Whoopi Goldberg Told Alice Walker She’d ‘Play the Dirt on the Floor’ To Be in ‘The Color Purple’
The Color Purple has become one of the biggest generational touchstones for Black women, and women in general. Alice Walker’s 1982 novel portrayed its characters as complex humans, and superstar director Steven Spielberg jumped at the opportunity to direct the film adaptation of the book three years later.
EGOT entertainer Whoopi Goldberg had her breakout role in The Color Purple movie, which led to her first Academy Award nomination and a long career of beloved films to this day.
Whoopi Goldberg ‘pulled the car over’ when she first heard ‘The Color Purple’
In the early 1980s, Goldberg was living in Berkeley, California raising her daughter and trying to make ends meet. Among other things, Goldberg worked as a bricklayer, a bank teller, and as a makeup artist at a morgue. Her world stopped — literally — when she heard Alice Walker reading The Color Purple for the first time.
Goldberg recounted the experience in an interview with supermodel Naomi Campbell on her web show No Filter with Naomi. “My daughter and I had been driving somewhere in Berkley and we heard Alice Walker reading The Color Purple on NPR, and my daughter and I pulled the car over to listen, because it was so extraordinary hearing her.”
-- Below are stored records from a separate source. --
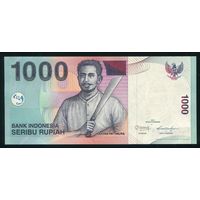 Индонезия 1000 рупий 2011 г. Р141k. Серия WUB. UNC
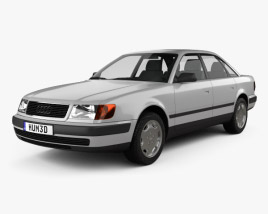 Audi 100 (C4) sedan 1994 3D model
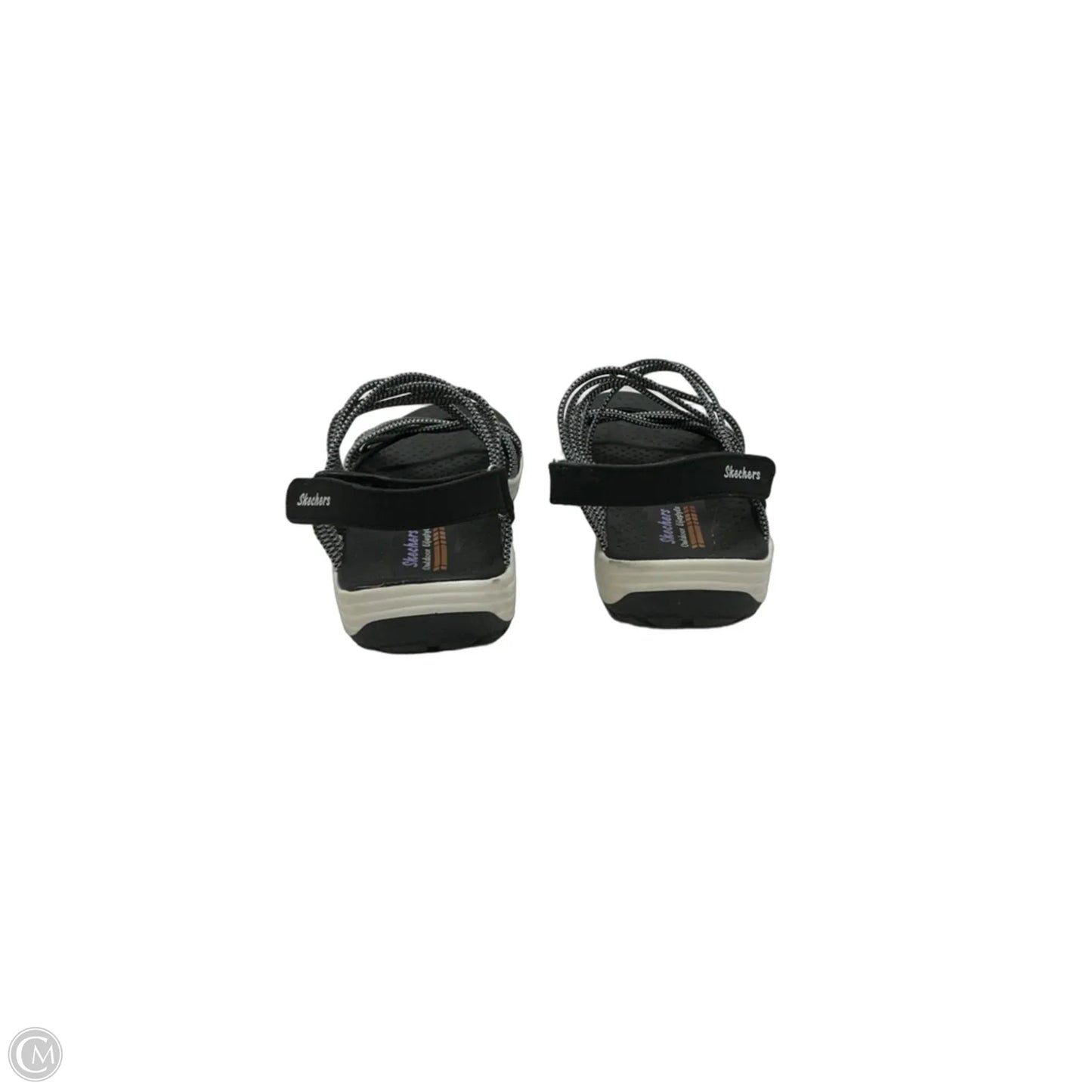 Sandals Flats By Skechers In Black & White, Size: 7
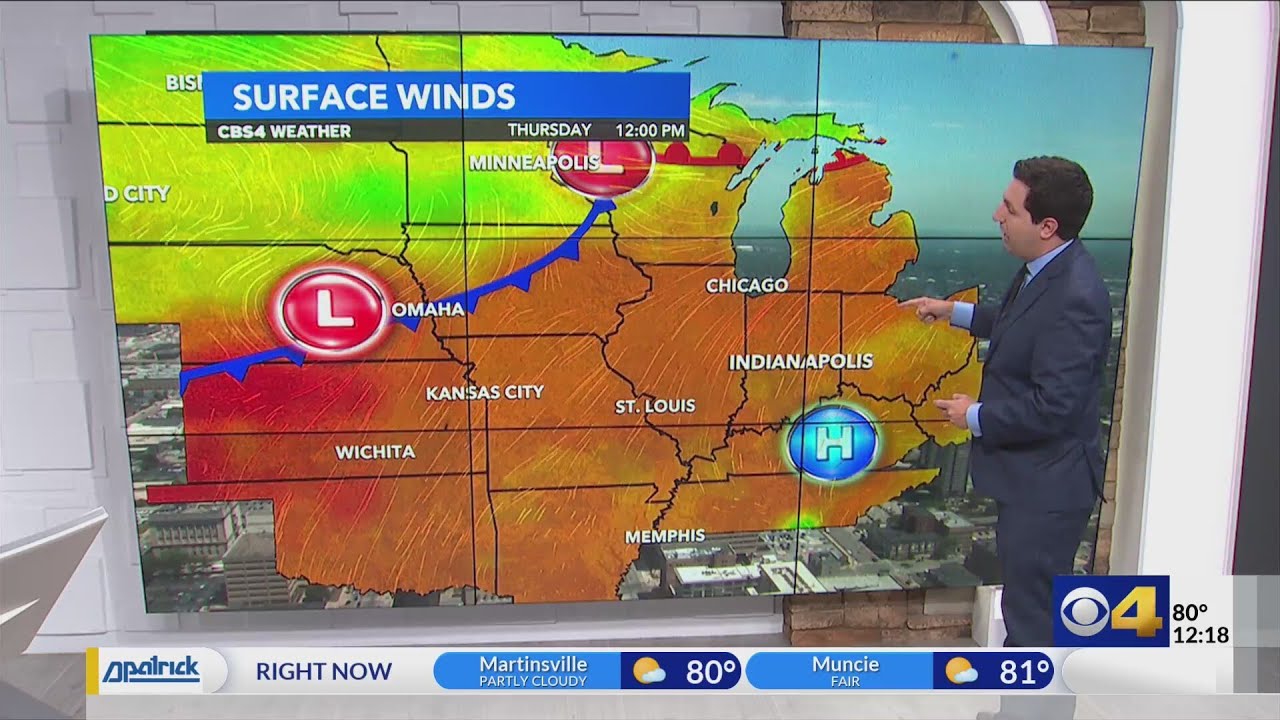 Scattered storms late Thursday, big Father's Day heat and humidity ...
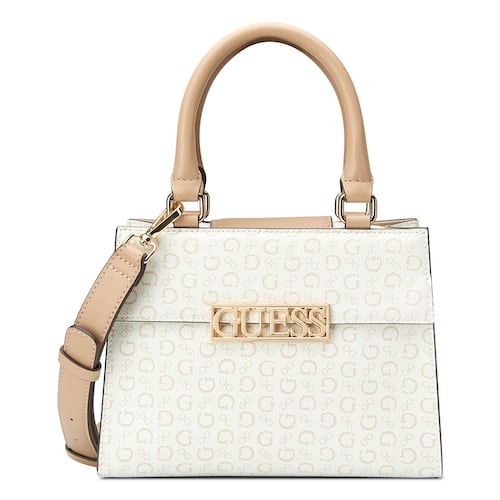 Bolso Satchel Blanco Guess Factory para Mujer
“Her in her voice,” Campbell marveled.
Whoopi Goldberg wrote Alice Walker a letter
Goldberg was so moved by The Color Purple that she wrote Alice Walker a letter to tell her how much the book had affected her. What Goldberg got in response when she arrived in New York for her one-woman show was even more moving.
“There was a letter waiting for me saying, ‘Dear Whoopi, Already know about you. I live in San Francisco. I’ve been to all your shows. I know what you do. I’ve already seen your stuff.'” Goldberg was shocked and couldn’t contain herself, and neither could her mother.
Alice Walker wanted Whoopi Goldberg to be in ‘The Color Purple’
Even though The Color Purple hadn’t been adapted into a movie yet, Walker was on board with whatever was happening with the book — and Goldberg wanted to be too. “I’ll play the dirt on the floor,” Goldberg told Walker.
“I didn’t even know what I meant when I was writing it. I don’t think I understood what I was saying,” Goldberg admitted. “I didn’t know anything about movies; I only knew about being on the stage.”
Sure enough, Steven Spielberg wanted to see Goldberg for an audition. She flew out to the studio he was at in California and did a special performance of her one-woman show, with big industry players such as Michael Jackson in the audience. After seeing her E.T. parody, Spielberg gave Goldberg the role of Celie on the spot.